THERMOMECHANICAL MODELING OF TURNING PROCESS USING AN ARBITRARY LAGRANGIANEULERIAN (ALE) METHOD

During turning processes, steels often behave in a complicated manner involving
severe plastic deformation, fracture, phase change and grain size change. It is a
complex process since there are several mechanisms work and interact
simultaneously. As the heat generated in the cutting process raises the work piece
material temperature above its critical phase transformation temperature, a
metallurgical transformation will occur, and the heat and plasticity due to the
transformation will affect the turning process. Mechanical deformation, heat transfer,
and microstructure are all strongly coupled and affected altogether, these effects has
been known thermo-mechanical coupling. There are several thermo-mechanical
variables such as stress, strain, and temperature that are not easily measurable through
the experimental test. These variables are induced the surface integrity of the work
piece material. In this research, two different 2D models; rectangle and circular are
developed with Arbitrary Lagrangian Eulerian (ALE) adaptive meshing. The
commercial finite element ABAQUS 6.8 is used for modelling of AISI 1045 steel
material by using carbide cutting tools.
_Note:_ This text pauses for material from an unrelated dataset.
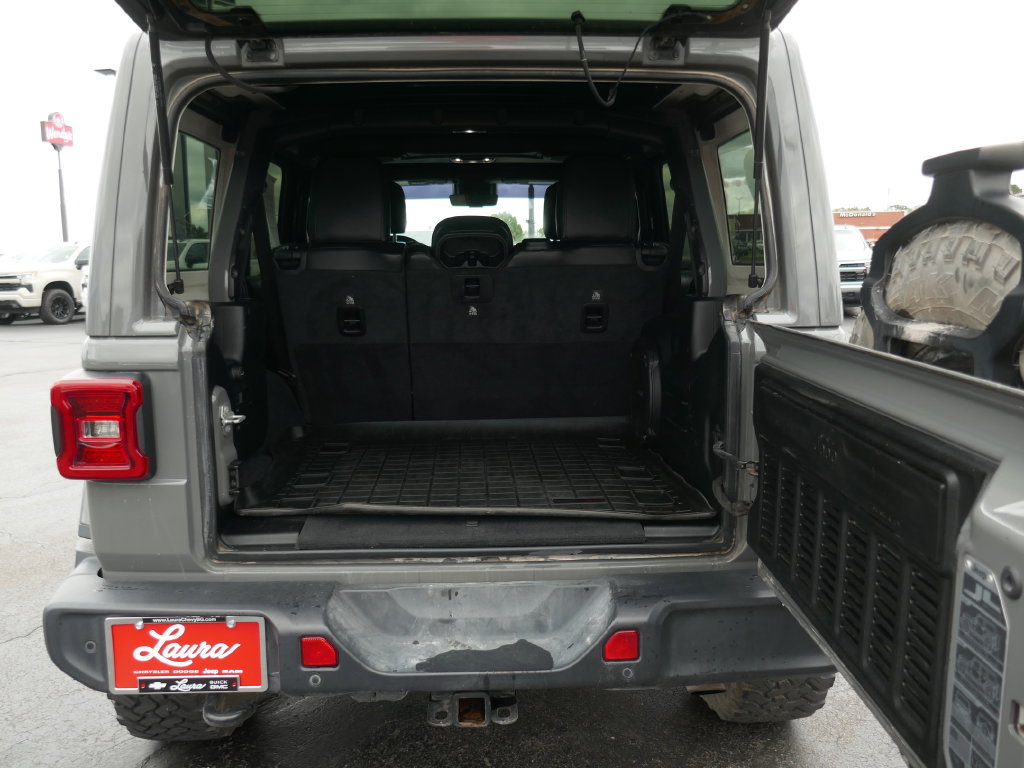 Used 2020 Jeep Wrangler Unlimited Sahara AWD/4WD image 16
In finite element model, the tool is assumed as
analytical rigid and work piece is deformable body. The cutting speed was set as
100m/min, depth of cut of 3mm and feed rate of 0.15mm/rev. The Johnson cook law
material model is employed to simulate the flow stress of the work piece material.
The effect of three different rake angle (α = -10°, 0° and 10°), tool edge radius (r =
0.5mm, 1.0mm and 2.0mm) and friction coefficient (μ = 0.1 and 0.4) on von Mises
stress, equivalent plastic stain and temperature distribution were investigated. Based
on the results, the small rake angle of -10° tends to increase the von Mises stress,
equivalent plastic strain and temperature compared the larger rake angle; 0° and 10°.
The larger tool edge radius (2.0mm) influences the increasing of von mises stress,
equivalent plastic strain, and temperature distribution due to the close of the tool tip
and high plastic deformation on the work piece.